THREE-QUARTERS of people in low-paid work are unable to escape
into higher-paid positions, even after a decade of regular
employment, a new report suggests.
Using official data to track low-paid workers throughout the
past decade, a study by the think tank Resolution Foundation set
out to discover how many progressed into better-paid jobs. Their
report, Escape Plan, found that some moved up the income
ladder, but they soon slipped back again.
Researchers found that only a quarter managed to escape low pay
permanently, and that single parents, older workers, disabled
people, and part-time workers were most likely to find it
particularly hard to move out of low-paid work.
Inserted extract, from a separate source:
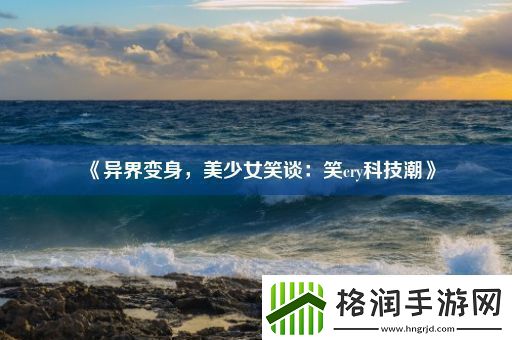 异界变身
The chairman of the social poverty and Child Poverty Commission,
Alan Milburn MP, said: "The majority of Britain's poorest-paid
workers never escape the low-pay trap. Too many simply cycle in and
out of low-paying jobs instead of being able to move up the pay
ladder. Any sort of work is better than no work, but being in a job
does not guarantee a route out of poverty.
"This research provides compelling evidence for employers and
Government to do more on pay progression. It is a powerful argument
for Britain to become a Living Wage country."
The Archbishop of York, Dr Sentamu, addressed the CBI conference
this week, and urged it to embrace the Living Wage. He said:
"Britain is at risk of becoming a place where the 'haves' and the
'have nots' live in separate parallel worlds; where the 'Common
Good' has become a pious platitude rather than a genuine believable
aspiration.
"We must find both the political and economic will to create a
society which is fair for all rather than fair for a small few.
Income inequality is a stain on all our consciences."
The new Living Wage rate was announced last week. It is now
£7.85 an hour - a rise of 2.6 per cent on the 2013 rate, and 21 per
cent higher than the national minimum wage. In London, it is
£9.15.
Last month, the Resolution Foundation reported that the
proportion of employees in low-paid work (defined as two-thirds of
median hourly pay: £7.69 an hour) increased from 21 to 22 per cent
last year, to 5.2 million. It concluded that the UK had among the
highest proportion of full-time low-paid workers across the
OECD.
Payday loans to be capped. The Financial
Conduct Authority announced a cap on the cost of payday loans this
week. The Bishop of Leeds, the Rt Revd Nick Baines, urged people to
turn to credit unions instead. Church schools in his diocese have
set up savings clubs for children through credit unions.